Hola...gracias por responder

rc-status -a | grep 'udev '

udev      [started]

dmesg -w

completo    http://pastebin.com/D3viyDRa

los eventos despues de conectar el Modem   http://pastebin.com/eGfCtDsk

con una mirada rápida de dmesg me doy cuenta que el kernel si reconoce

el modem y utiliza el driver GSM

en cuanto a la wiki USB_mobile_broadband_modem

tengo todo compilado en el kernel mas el USB generic serial driver

a excepción de xHCI (usb3.0) support   

me falta declarar la USE flag "usb" en make.conf   ( será esto necesario)

cuando ejectuto usb_modeswitch -W

 * usb_modeswitch: handle USB devices with multiple modes

 * Version 1.2.5 (C) Josua Dietze 2012

 * Based on libusb0 (0.1.12 and above)

 ! PLEASE REPORT NEW CONFIGURATIONS !

DefaultVendor=  not set

DefaultProduct= not set

TargetVendor=   not set

TargetProduct=  not set

TargetClass=    not set

TargetProductList=""

DetachStorageOnly=0

HuaweiMode=0

SierraMode=0

SonyMode=0

QisdaMode=0

QuantaMode=0

GCTMode=0

KobilMode=0

SequansMode=0

MobileActionMode=0

CiscoMode=0

MessageEndpoint=  not set

MessageContent=""

NeedResponse=0

ResponseEndpoint= not set

InquireDevice enabled (default)

Success check disabled

System integration mode disabled

No default vendor/product ID given. Aborting.

SALUDOS

----------

## quilosaq

 *GregToo wrote:*   

> ...
> 
> me falta declarar la USE flag "usb" en make.conf   ( será esto necesario)
> 
> ...

 No es necesario para lo que pretendes hacer.

 *GregToo wrote:*   

> ...
> 
> cuando ejectuto usb_modeswitch -W
> 
> ...

 Eso no sirve para nada. El comando, con los parámetros necesarios, ya ha sido ejecutado a través de una regla udev que proporciona el paquete usb_modeswitch.

La instalación del modem (3 en este caso) está completada. Está en /dev con nombres ttyUSB0, ttyUSB1 y ttyUSB2. Además, posiblemente, habrá un enlace simbólico llamado gsmmodem apuntando a alguno de ellos.
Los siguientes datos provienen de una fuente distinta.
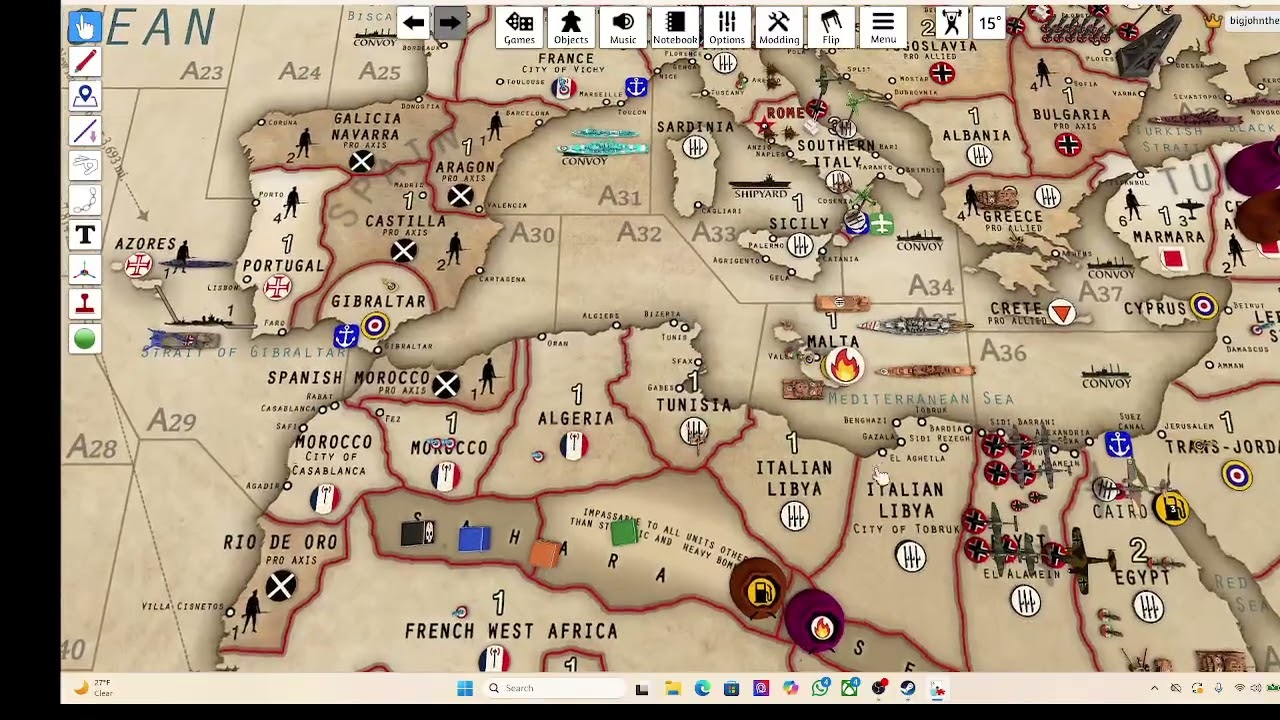 Italy turn 2 operation fireball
Quizá te interesen estas lecturas:

http://wiki.gentoo.org/wiki/PPP

http://wiki.gentoo.org/wiki/NetworkManager

----------

## GregToo

podría ser que el problema este en el soporte de networkmanager para mobiles_broadband 

de hecho network manager se compila sin 

modemmanager 	No 		Enable support for mobile broadband devices using net-misc/modemmanager

pero con 

ppp 	                       Yes 		Enable support for mobile broadband and PPPoE connections using net-dialup/ppp

o en net-dialip/ppp use flags

no se

almenos descarto el problema de reconocimiento del modem y modeswitch.

voy  acomenzar a googlear sobre networkmanager  y net-dialip/ppp 

tal vez falta algún soporte en especifico con las variables use

----------

## GregToo

Bueno...

Después de compilar networkmanager con la USE flag "modemmanager" ,el cual instala como dependencia el paquete

net-misc/modemmanager

la nm-applet me reconoció el módem huawei!!! y pude configurarlo, sin embargo

no se pudo establecer la conexión javascript:emoticon(' :Evil or Very Mad: ')

Extrañamente cuando inicie como root, la conexión se establecio en una ocasion (solo una)

y luego se fastidio nuevamente.

Quizá el próximo finde termine de arreglarlo si es posible ya que durante la semana hay que laburar..y estudiar.

a lo mejor udev utiliza el diver equivocado, ya que en algunos foros se soluciona con el diver USBSERIAL (modprobe) y no con

GSM como en este caso.

O actualizando el kernel a la versión 3.10 que ahora es estable ....quien sabe.

----------

## GregToo

Eureka !!!

Al parecer ya había cumplido con los requisitos necesarios para establecer la conexión, sin embargo no se

concreto ya que la dirección IP que me asignaba la conexión WI-FI entraba en conflicto.

Se debe apagar la red wi-fi y reiniciar la pc, para probar.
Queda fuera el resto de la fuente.